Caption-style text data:
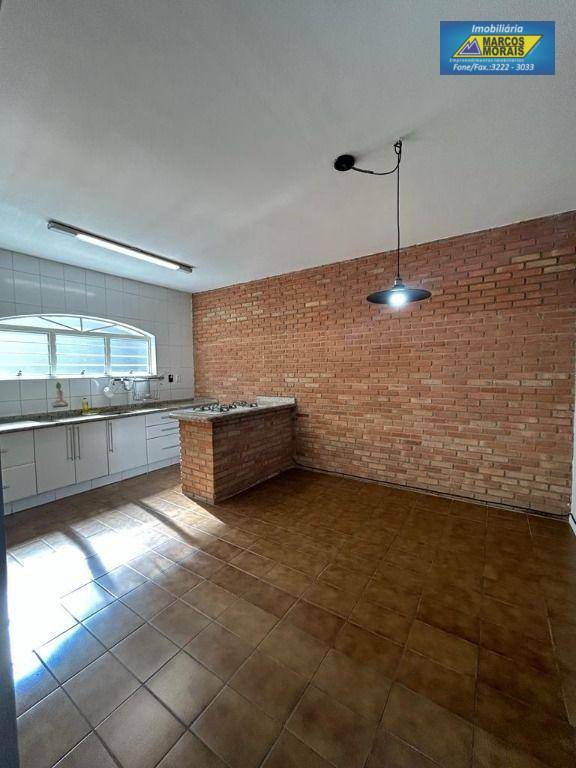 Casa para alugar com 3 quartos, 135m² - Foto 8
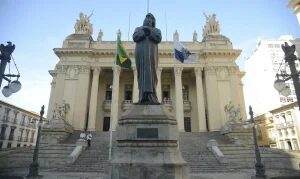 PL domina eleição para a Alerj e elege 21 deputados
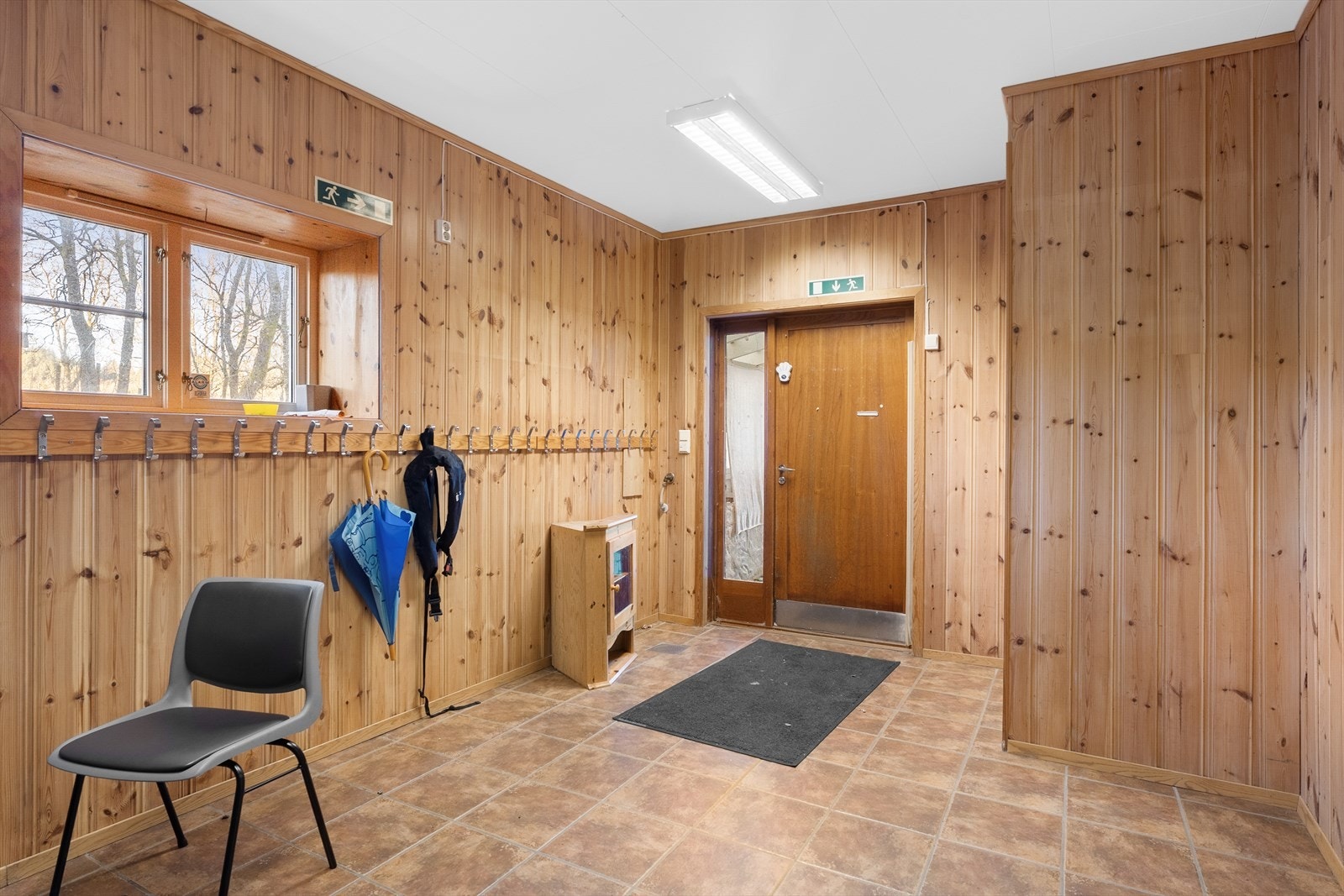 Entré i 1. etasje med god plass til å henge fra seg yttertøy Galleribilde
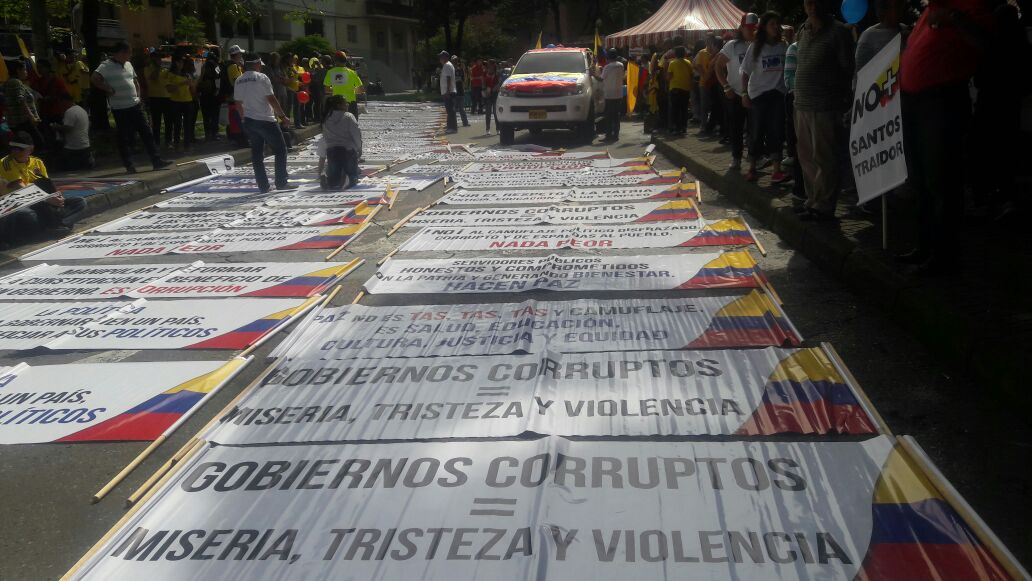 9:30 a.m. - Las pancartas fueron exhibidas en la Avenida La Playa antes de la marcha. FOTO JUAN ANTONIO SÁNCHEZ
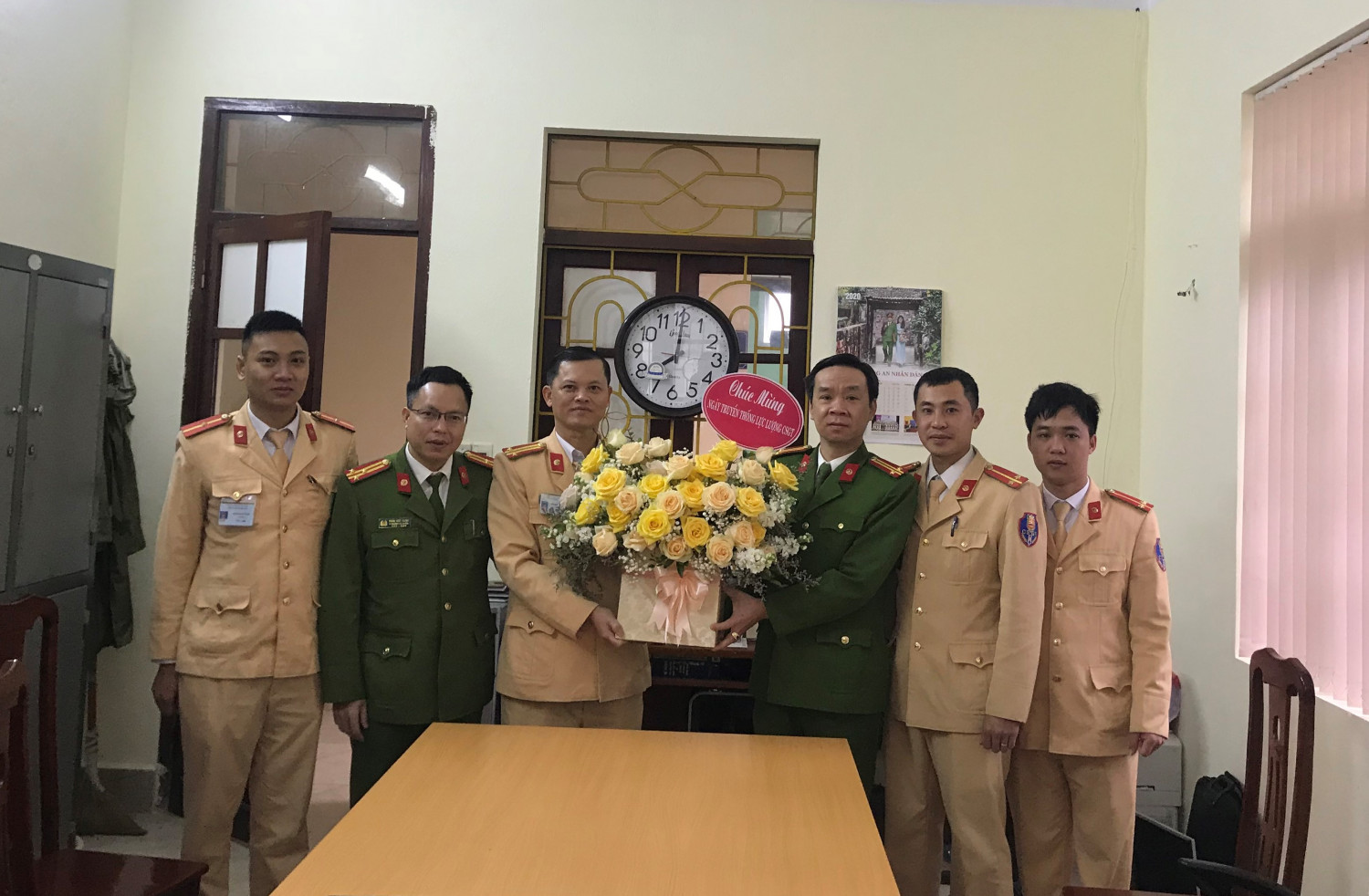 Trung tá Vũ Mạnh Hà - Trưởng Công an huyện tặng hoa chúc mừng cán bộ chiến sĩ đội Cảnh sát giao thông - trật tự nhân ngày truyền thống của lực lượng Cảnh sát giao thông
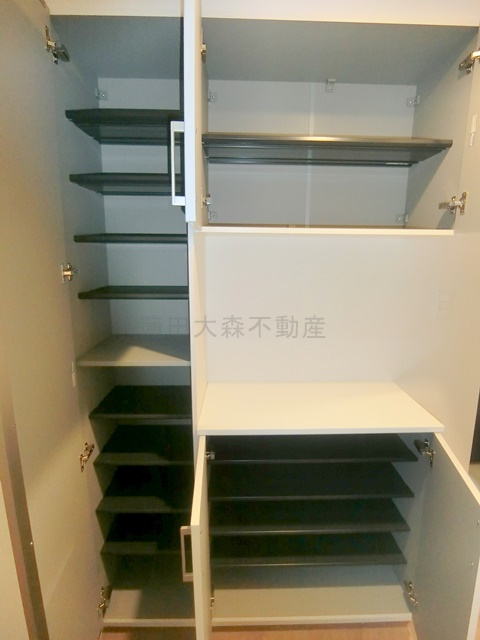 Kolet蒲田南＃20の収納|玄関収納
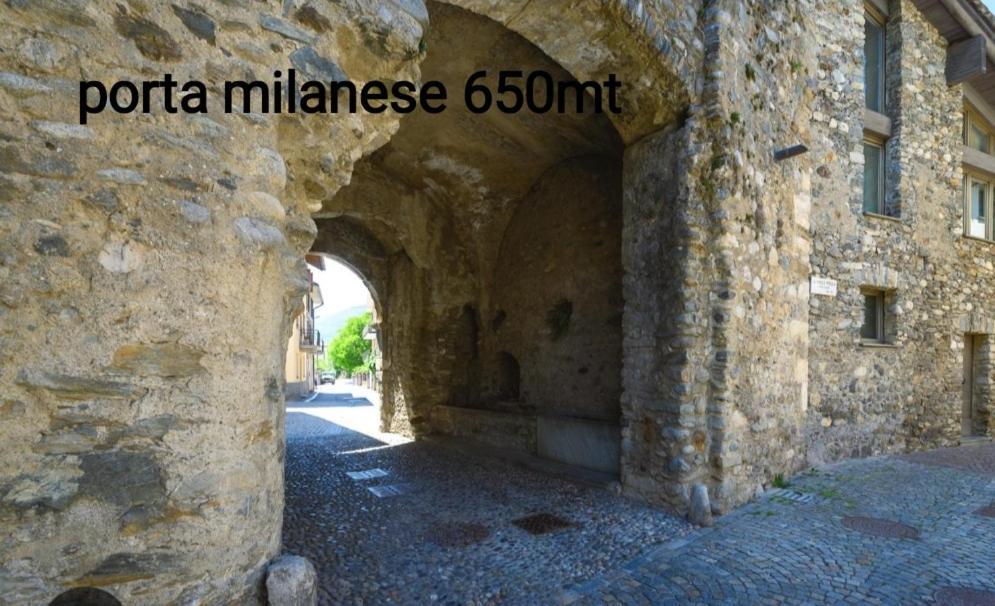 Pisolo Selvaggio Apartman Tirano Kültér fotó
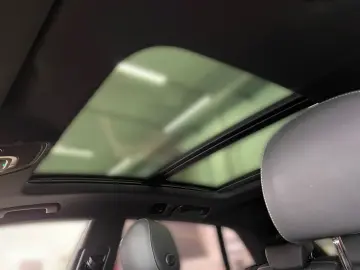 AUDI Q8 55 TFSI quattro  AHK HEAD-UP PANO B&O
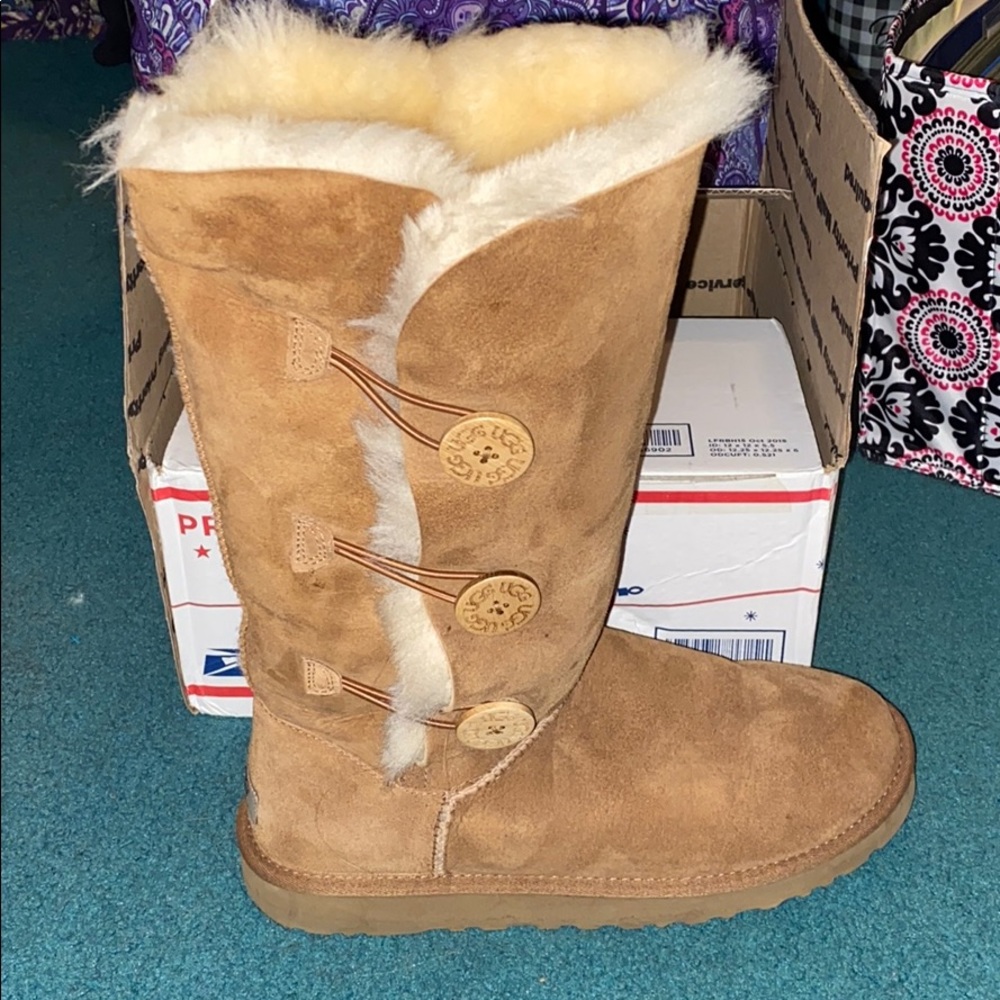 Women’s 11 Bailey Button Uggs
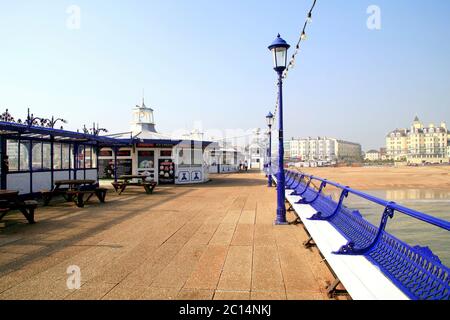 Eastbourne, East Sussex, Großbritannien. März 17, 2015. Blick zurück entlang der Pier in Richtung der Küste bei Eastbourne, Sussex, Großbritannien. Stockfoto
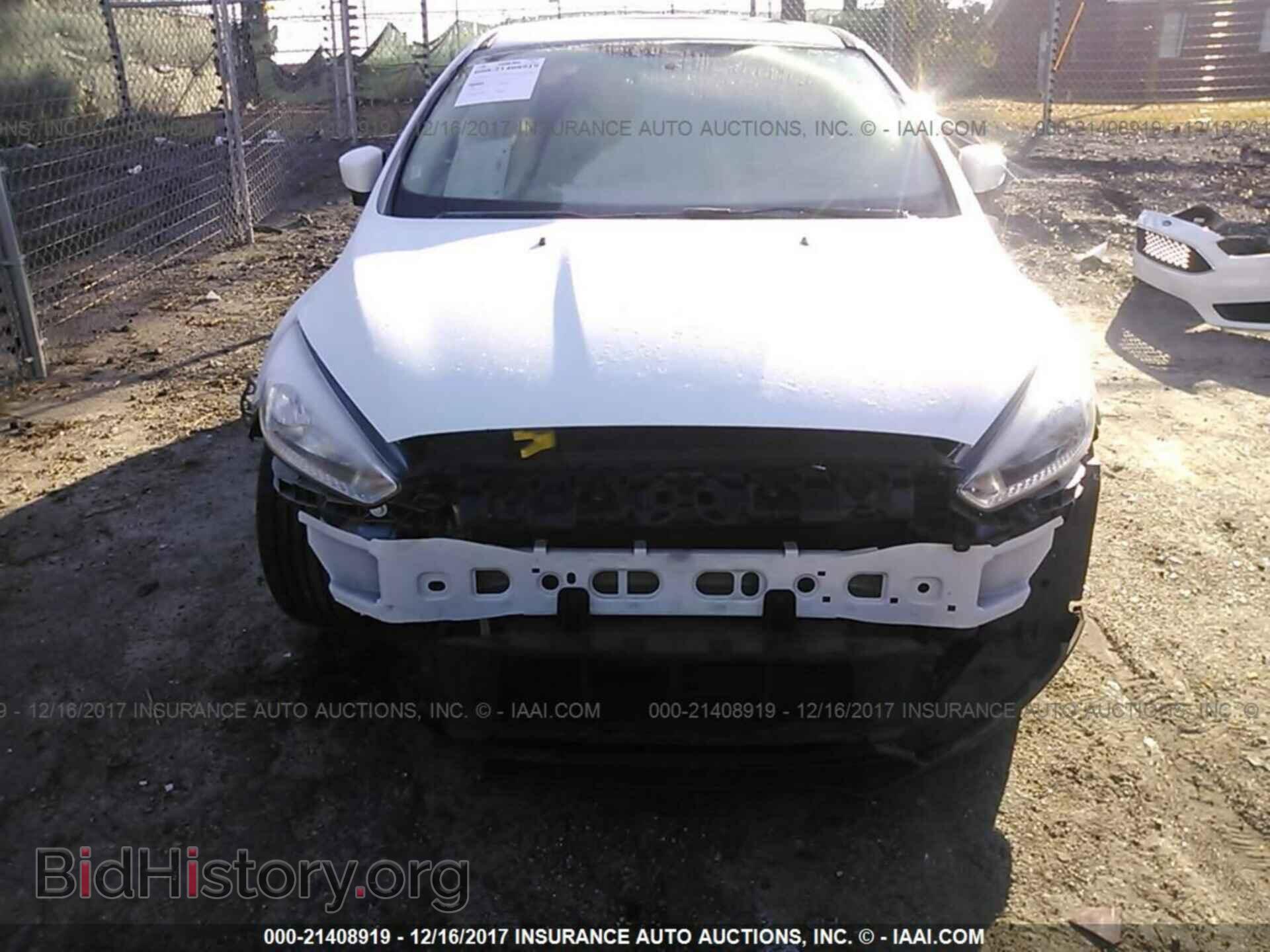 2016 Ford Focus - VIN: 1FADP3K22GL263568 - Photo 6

** Aim of the exercise **
Look above for the line containing "Kolet蒲田南＃20の収納|玄関収納", then copy exactly from it through the line containing "Eastbourne, East Sussex, Großbritannien.", keeping both and leaving out pictures. Add nothing else.

** Worked solution **
 Kolet蒲田南＃20の収納|玄関収納
 Pisolo Selvaggio Apartman Tirano Kültér fotó
 AUDI Q8 55 TFSI quattro  AHK HEAD-UP PANO B&O
 Women’s 11 Bailey Button Uggs
 Eastbourne, East Sussex, Großbritannien. März 17, 2015. Blick zurück entlang der Pier in Richtung der Küste bei Eastbourne, Sussex, Großbritannien. Stockfoto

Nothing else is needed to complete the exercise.